Whether or not we can ever determine the totality of the universal
wavefunction is an open question. If Steven Hawking's work on the no-
boundary-condition condition is ultimately successful, or it emerges
from some theory of everything, and many think it will, then the actual
form of the *total* wavefunction could, in principle, we determined from
a complete knowledge physical law itself.
Q26 Who was Everett?
----------------
Hugh Everett III (1930-1982) did his undergraduate study in chemical
engineering at the Catholic University of America. Studying von
Neumann's and Bohm's textbooks as part of his graduate studies, under
Wheeler, in mathematical physics at Princeton University in the 1950s
he became dissatisfied (like many others) with the collapse of the
wavefunction. He developed, during discussions with Charles Misner and
Aage Peterson (Bohr' assistant, then visiting Princeton), his "relative
state" formulation. Wheeler encouraged his work and preprints were
circulated in January 1956 to a number of physicists. A condensed
version of his thesis was published as a paper to "The Role of Gravity
in Physics" conference held at the University of N Carolina, Chapel
Hill, N Carolina in January 1957.
Everett was discouraged by the lack of response from others,
particularly Bohr, whom he flew to Copenhagen to meet but got the
complete brush-off from. Leaving physics after completing his Ph.D,
Everett worked as a defense analyst at the Weapons Systems Evaluation
Group, Pentagon. At some point he became a private contractor,
apparently quite successfully for he became a multimillionaire. In 1968
Everett worked for the Lambda Corp. His published papers during this
period cover things like optimising resource allocation and, in
particular, maximising enemy kill rates during nuclear-weapon campaigns.

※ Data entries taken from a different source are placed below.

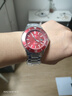 海鷗（SEAGULL）手表男士自動(dòng)機械表 海洋系列男士手表生日禮物男表潛水表 中國紅 曬單實(shí)拍圖
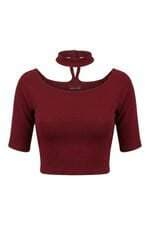 Blusa John John feminino vermelho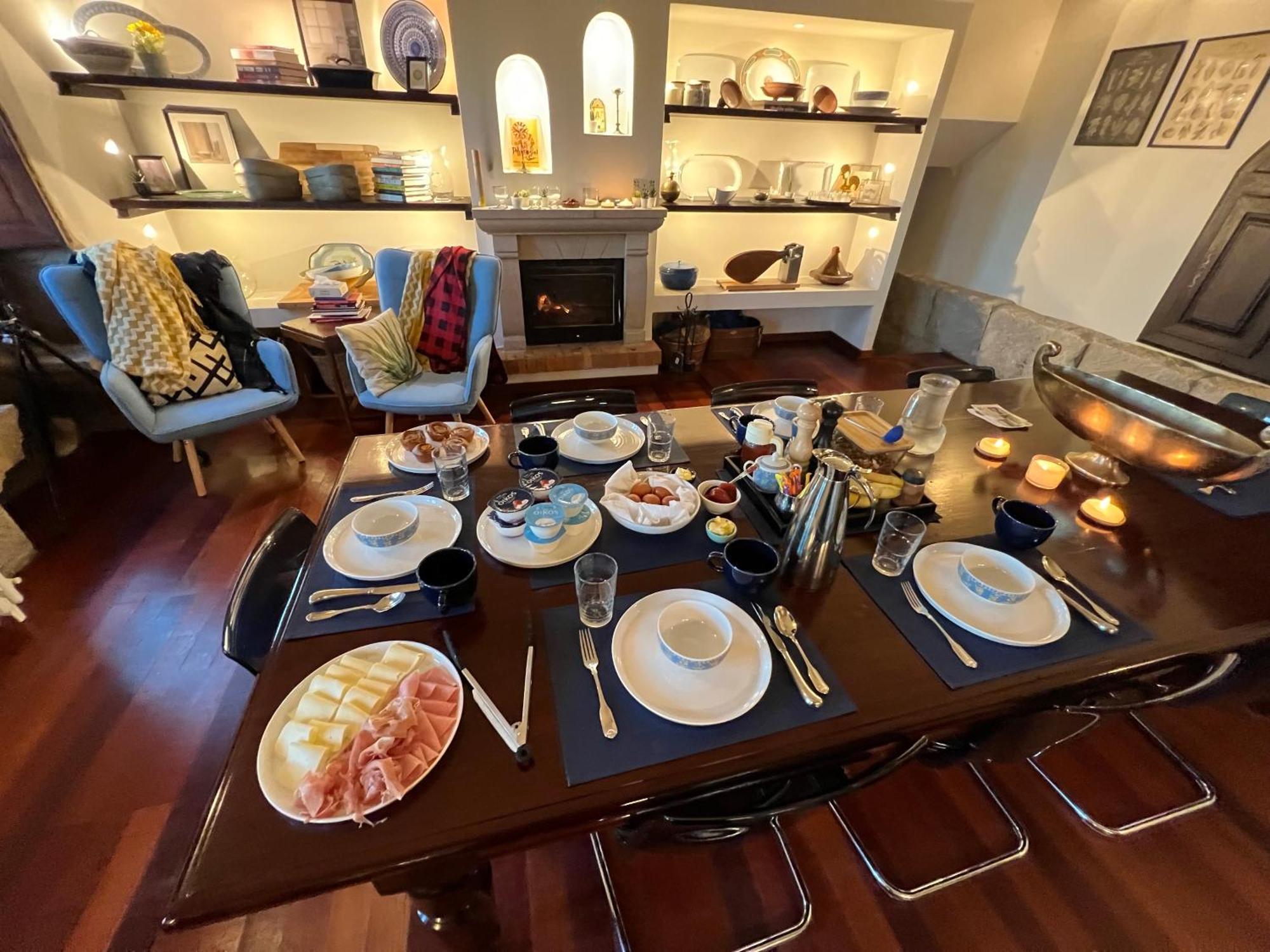 The Quixote House Bed and Breakfast Caminha Esterno foto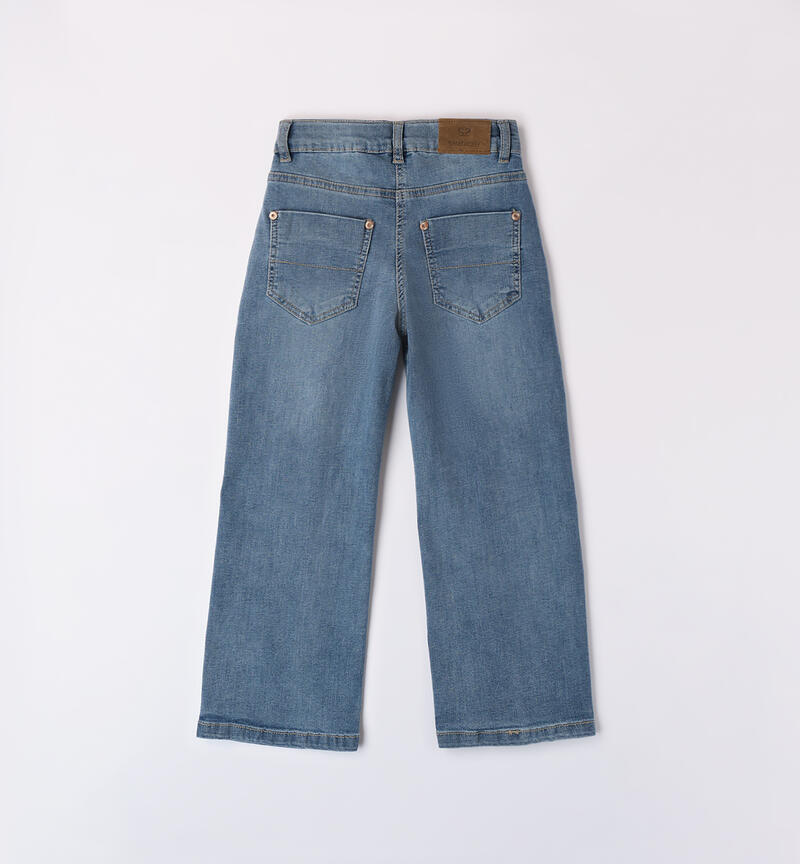 Jeans ragazza stretch STONE BLEACH-7350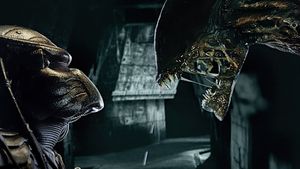 Alien vs. Predator's poster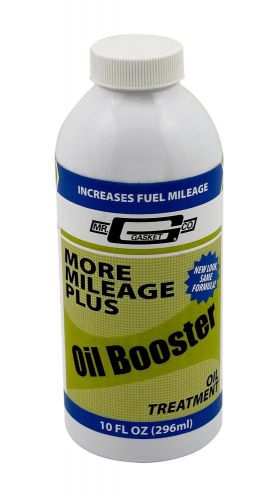 Mr. gasket 1690g more mileage plus oil booster fits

Later (from 1968 onwards) Bryce S DeWitt, one of the 1957 Chapel Hill
conference organisers, but better known as one of the founders of
quantum gravity, successfully popularised Everett's relative state
formulation as the "many-worlds interpretation" in a series of articles
[4a],[4b],[5].
Sometime in 1976-9 Everett visited Austin, Texas, at Wheeler or DeWitt's
invitation, to give some talks on QM. The strict no-smoking rule in the
auditorium was relaxed for Everett (a chain smoker); the only exception
ever. Everett, apparently, had a very intense and agitated manner, and
spoke with a very acute style, correctly anticipating and cutting off
questions after a few words. Oh yes, a bit of trivia, he drove a
Cadillac with horns.
With the steady growth of interest in many-worlds in the late 1970s
Everett planned returning to physics to do more work on the subject of
measurement in quantum theory, but died of a heart attack in 1982.
Survived by his wife.
Q27 Who believes in many-worlds?
----------------------------
"Political scientist" L David Raub reports a poll of 72 of the "leading
cosmologists and other quantum field theorists" about the "Many-Worlds
Interpretation" and gives the following breakdown [T].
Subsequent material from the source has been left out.